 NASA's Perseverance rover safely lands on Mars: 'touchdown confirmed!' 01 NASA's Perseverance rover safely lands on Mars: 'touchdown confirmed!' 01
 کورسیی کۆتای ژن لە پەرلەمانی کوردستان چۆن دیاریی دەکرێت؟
---
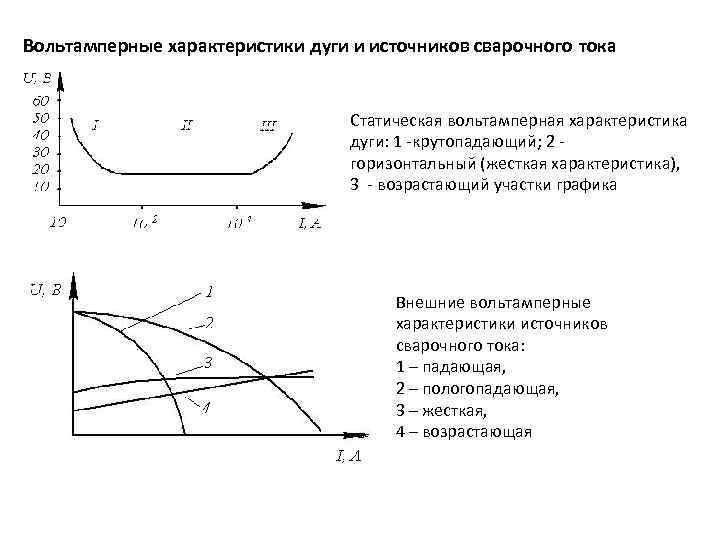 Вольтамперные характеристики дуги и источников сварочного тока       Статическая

* _WHAT IS REQUIRED_:
Here the job is to set down exactly the lines of the material above that fall between the one with "confirmed!' 01 NASA's" and the one with "کورسیی کۆتای ژن", inclusive, and nothing beyond them.

* _ANSWER TO THE PROBLEM_:
 NASA's Perseverance rover safely lands on Mars: 'touchdown confirmed!' 01 NASA's Perseverance rover safely lands on Mars: 'touchdown confirmed!' 01
 کورسیی کۆتای ژن لە پەرلەمانی کوردستان چۆن دیاریی دەکرێت؟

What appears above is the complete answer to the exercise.